Jim Pingle wrote in #note-5:
The upcoming Plus 25.11 release has OpenSSL 3.5.3 and OpenSSH 10.0p2: https://docs.netgate.com/pfsense/en/latest/releases/25-11.html
That makes this easy then. Once on OpenSSH 10+, consider setting the KEX list to:
KexAlgorithms mlkem768x25519-sha256,sntrup761x25519-sha512,sntrup761x25519-sha512@openssh.com,ecdh-sha2-nistp384,curve25519-sha256,curve25519-sha256@libssh.org
I put the NTRU and MLKEM based hybrids first. NTRU is there as a steppingstone, since many SSH clients support it, but only the latest clients support MLKEM. MLKEM is the de facto standard, so it gets the top spot.
I added the p384 curve, which is stronger (yet equally well supported) as the 25519 curve.
For the KEX that have two names (see ssh -Q kex) I included both. Some SSH clients care about the specific variant of a KEX, some don’t care. This maximizes compatibility, without any security impact.
I took out diffie-hellman-group-exchange-sha256, since it’s ancient and slow. In the TLS world, DHE has been effectively abandoned, replaced with 25519, p256, and p384 (and more recently, the MLKEM hybrid). RFC 9142 says it only has 112-bits of security; well below modern accepted minimums.

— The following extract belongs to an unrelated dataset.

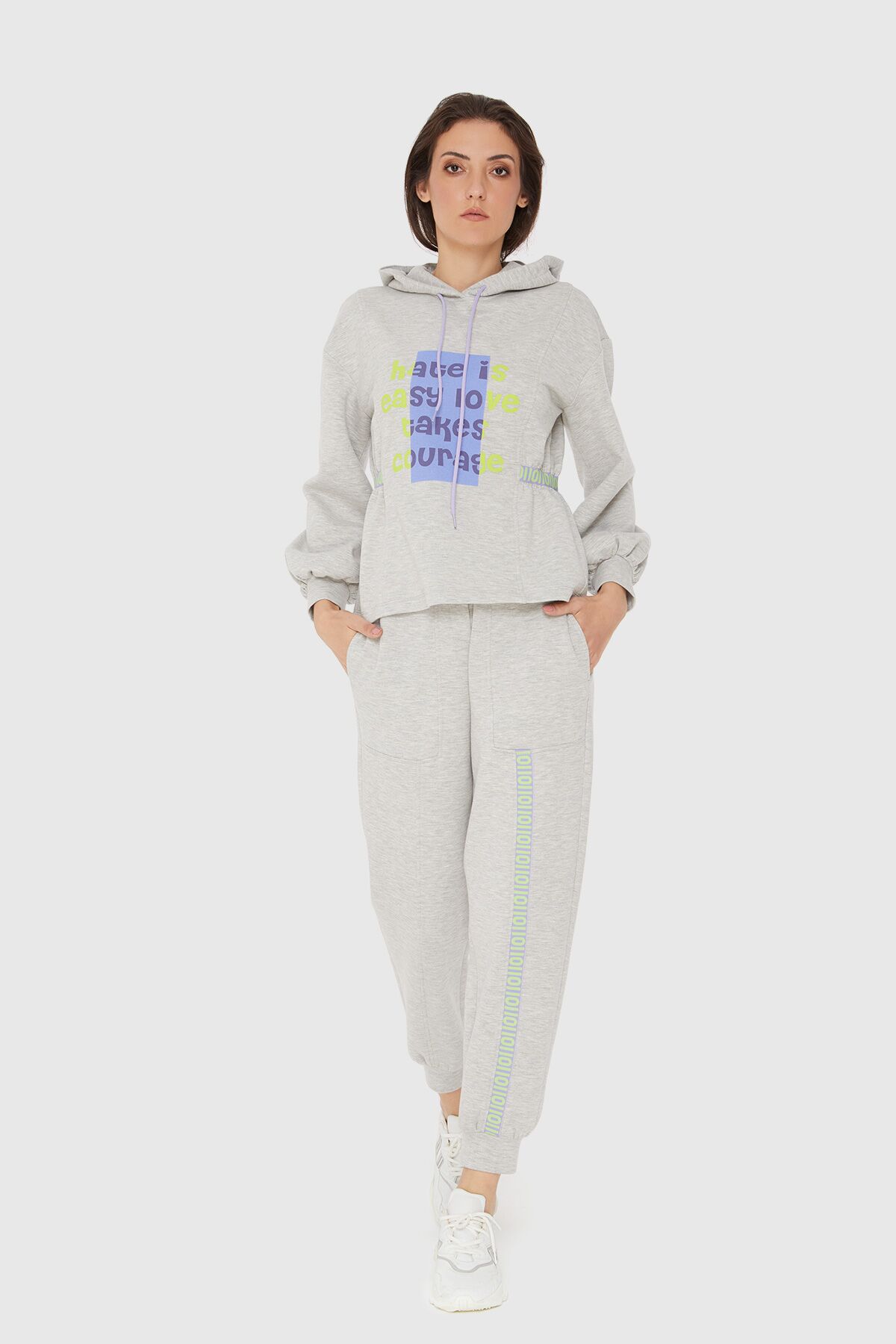 KIWE - Print Detailed Hooded Relaxed Cut Gray Knitted Tracksuit Set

Another thing I just spotted, the non-ETM hashes should be removed (Encrypt Then Mac). The TLS world long removed the non-ETM hashes due to known security issues, replacing them with ETM, and more recently AEAD hashes. A recommendation would be:
MACs hmac-sha2-512-etm@openssh.com,hmac-sha2-256-etm@openssh.com,umac-128-etm@openssh.com
One quick revision to the block cipher recommendation. Since the vast majority of pfSense hardware can support AES offloading, that should be ahead of ChaCha20. With CTR mode at the end, since it’s slower and weaker. Any thing less that 256 completely removed.